> [The data]

○ ○ ○ ○

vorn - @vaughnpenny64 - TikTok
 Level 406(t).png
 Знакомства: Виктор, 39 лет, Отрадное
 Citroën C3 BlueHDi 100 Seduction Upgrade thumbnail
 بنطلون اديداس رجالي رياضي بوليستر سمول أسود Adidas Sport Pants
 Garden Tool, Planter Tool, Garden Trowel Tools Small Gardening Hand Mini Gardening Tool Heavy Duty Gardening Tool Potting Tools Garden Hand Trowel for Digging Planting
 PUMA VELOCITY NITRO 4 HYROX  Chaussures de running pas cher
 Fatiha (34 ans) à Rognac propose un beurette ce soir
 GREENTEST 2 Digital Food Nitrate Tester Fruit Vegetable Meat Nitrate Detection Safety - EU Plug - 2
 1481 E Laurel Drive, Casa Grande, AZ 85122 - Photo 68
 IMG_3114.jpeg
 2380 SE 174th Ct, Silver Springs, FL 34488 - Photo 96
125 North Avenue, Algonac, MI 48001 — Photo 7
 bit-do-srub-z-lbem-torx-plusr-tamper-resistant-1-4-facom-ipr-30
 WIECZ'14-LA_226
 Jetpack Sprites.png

○ ○ ○ ○

> [Task directions]
An exact copy of the entries from the line containing "1481 E Laurel" through the last line is the expected answer.

> [Answer below]
 1481 E Laurel Drive, Casa Grande, AZ 85122 - Photo 68
 IMG_3114.jpeg
 2380 SE 174th Ct, Silver Springs, FL 34488 - Photo 96
125 North Avenue, Algonac, MI 48001 — Photo 7
 bit-do-srub-z-lbem-torx-plusr-tamper-resistant-1-4-facom-ipr-30
 WIECZ'14-LA_226
 Jetpack Sprites.png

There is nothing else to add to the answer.